Source records
· · ·
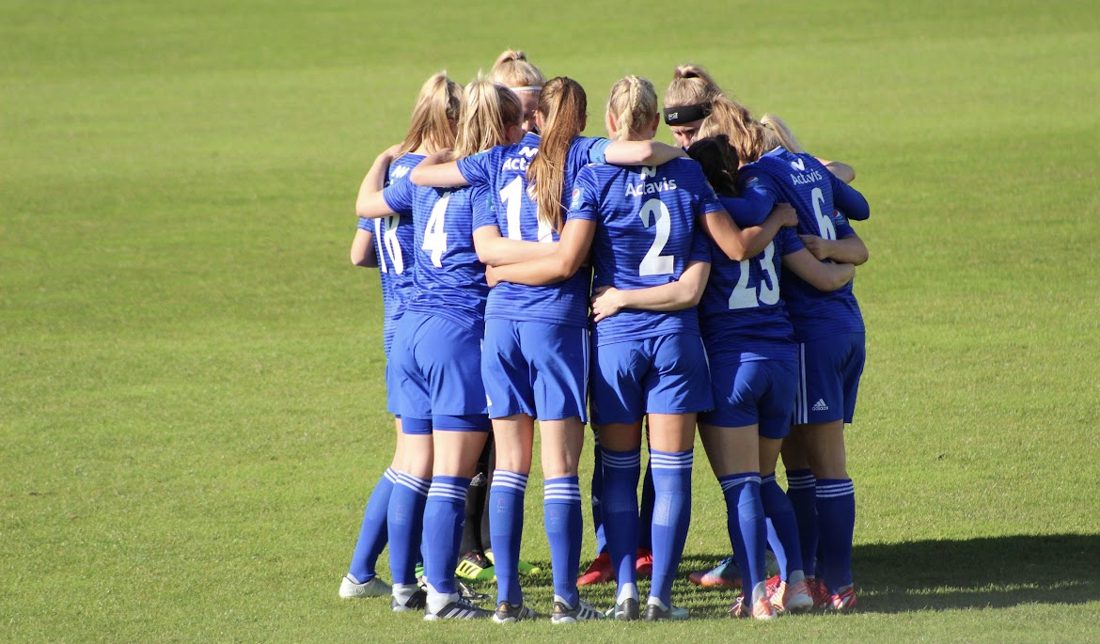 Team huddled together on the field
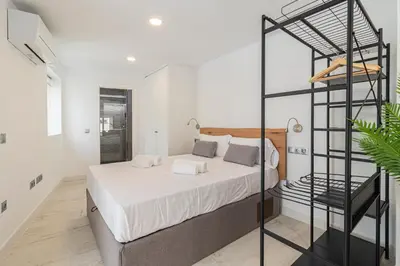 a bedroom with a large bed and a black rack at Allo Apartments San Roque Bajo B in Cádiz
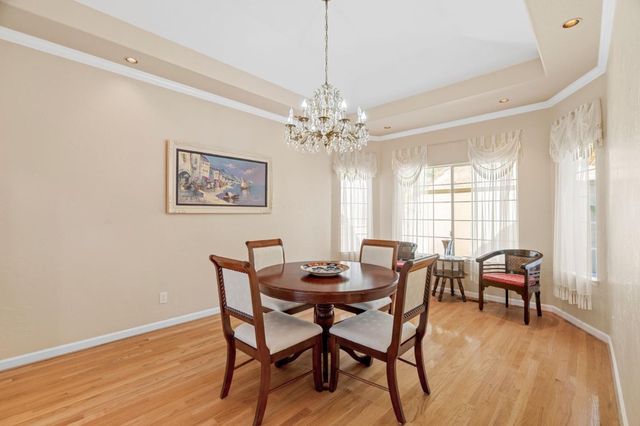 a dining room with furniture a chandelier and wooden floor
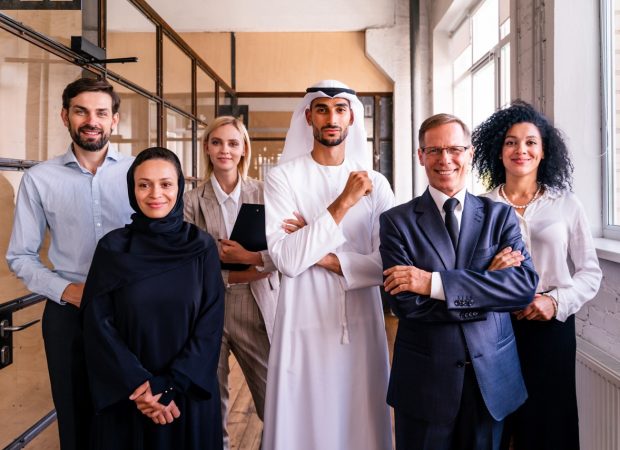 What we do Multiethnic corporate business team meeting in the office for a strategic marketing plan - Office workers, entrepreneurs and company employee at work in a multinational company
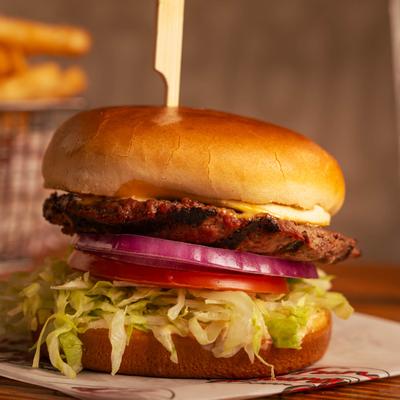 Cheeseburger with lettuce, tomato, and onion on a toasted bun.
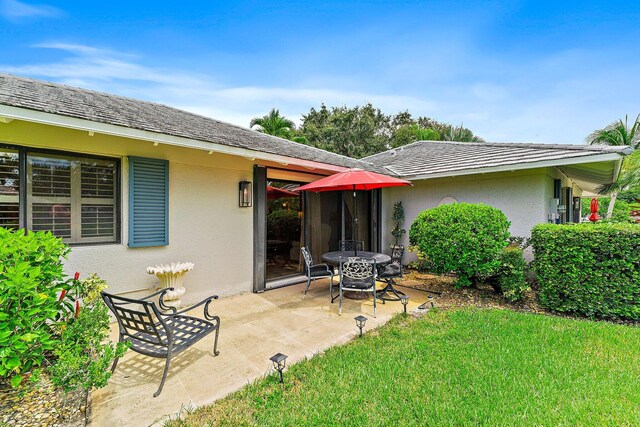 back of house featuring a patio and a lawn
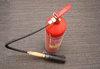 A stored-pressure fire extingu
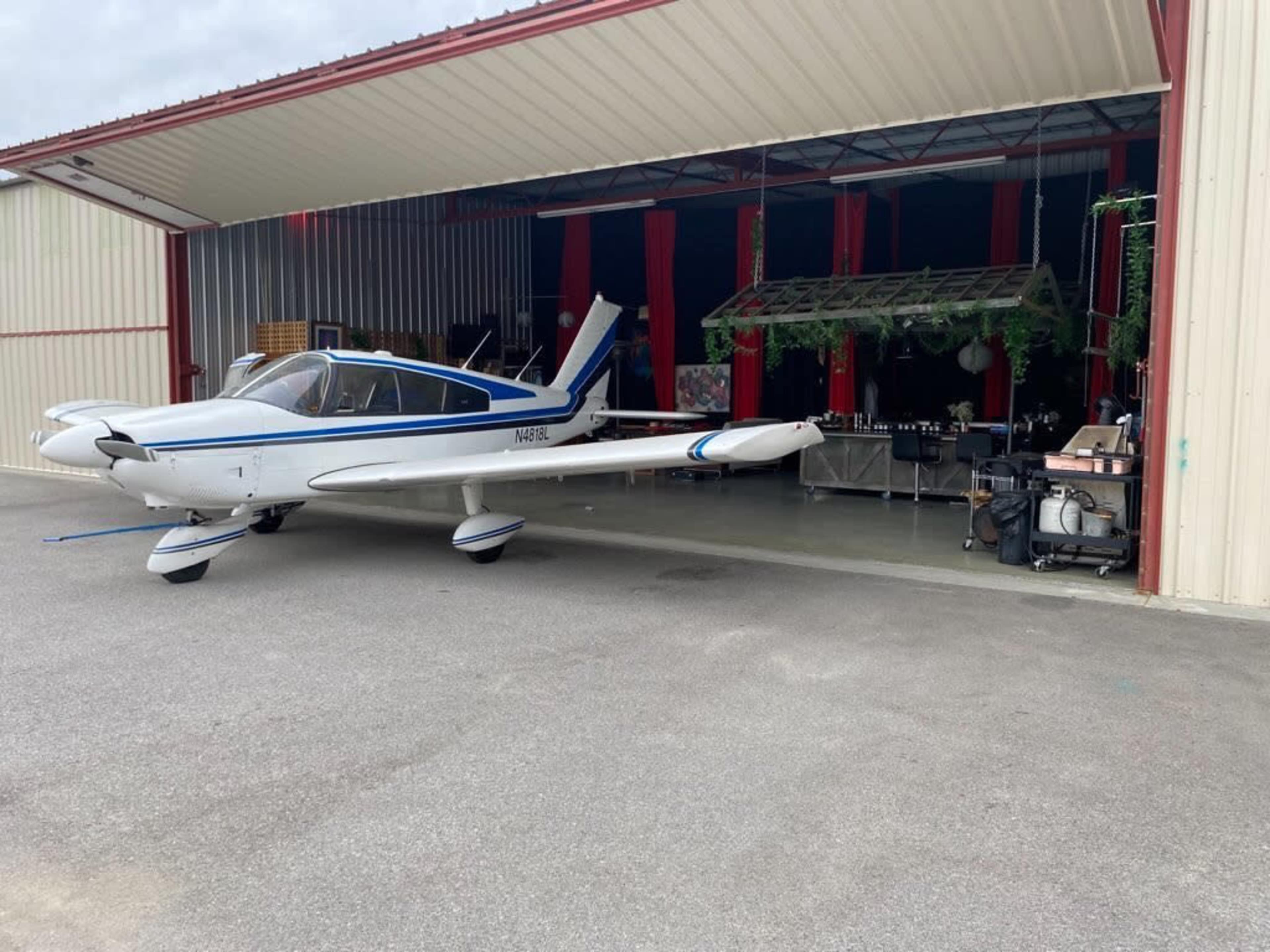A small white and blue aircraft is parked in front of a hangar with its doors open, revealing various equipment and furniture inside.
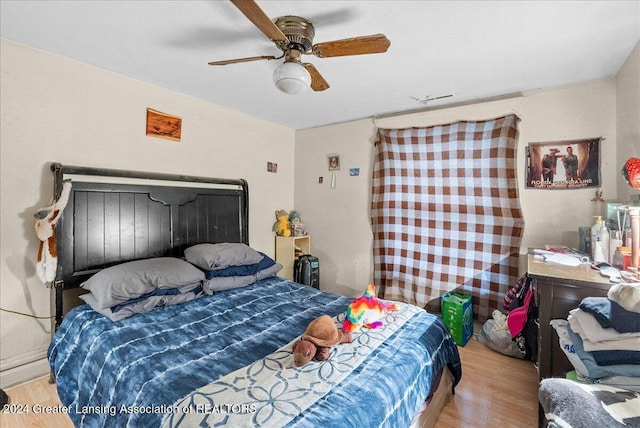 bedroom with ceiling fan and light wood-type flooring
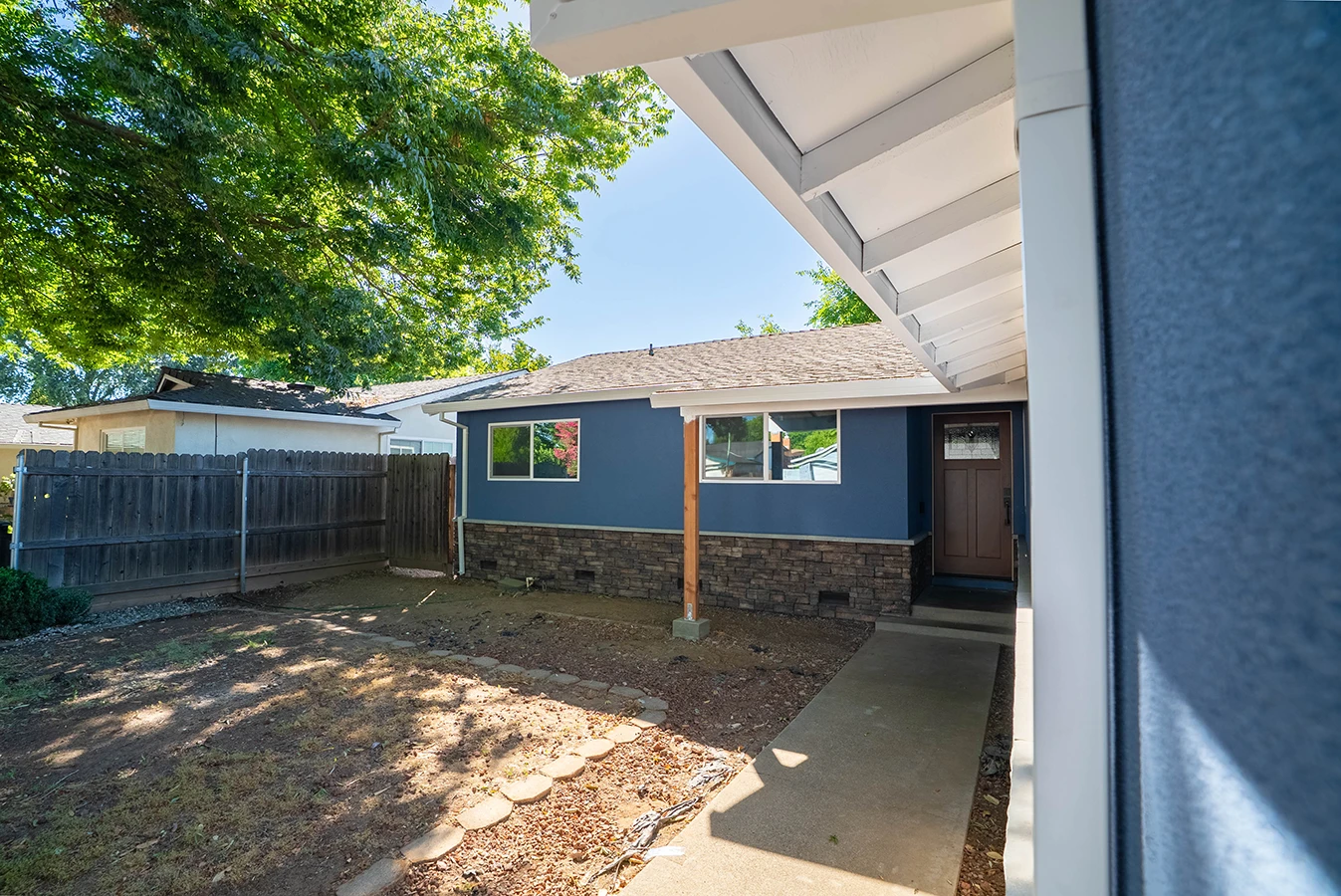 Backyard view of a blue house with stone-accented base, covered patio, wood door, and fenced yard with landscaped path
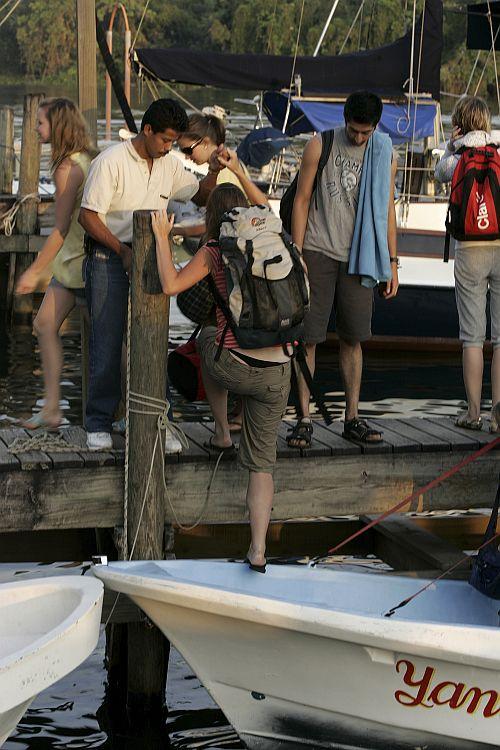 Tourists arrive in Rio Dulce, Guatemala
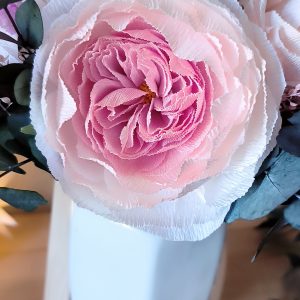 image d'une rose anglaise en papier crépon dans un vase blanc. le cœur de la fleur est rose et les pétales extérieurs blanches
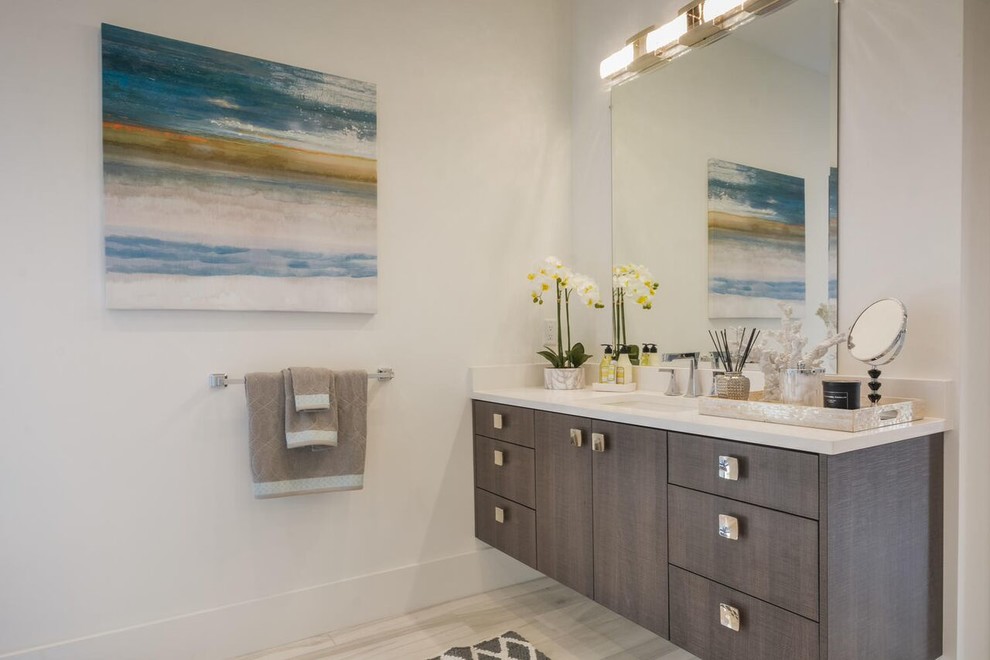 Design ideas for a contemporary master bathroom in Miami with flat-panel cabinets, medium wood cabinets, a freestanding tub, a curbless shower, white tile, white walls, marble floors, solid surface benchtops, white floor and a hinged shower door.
· · ·
WHAT THIS TASK INVOLVES.
From the line that contains "Tourists arrive in Rio Dulce, Guatemala" through the last line of the entries, transcribe every line exactly, leaving out the pictures.

TASK OUTPUT.
 Tourists arrive in Rio Dulce, Guatemala
 image d'une rose anglaise en papier crépon dans un vase blanc. le cœur de la fleur est rose et les pétales extérieurs blanches
 Design ideas for a contemporary master bathroom in Miami with flat-panel cabinets, medium wood cabinets, a freestanding tub, a curbless shower, white tile, white walls, marble floors, solid surface benchtops, white floor and a hinged shower door.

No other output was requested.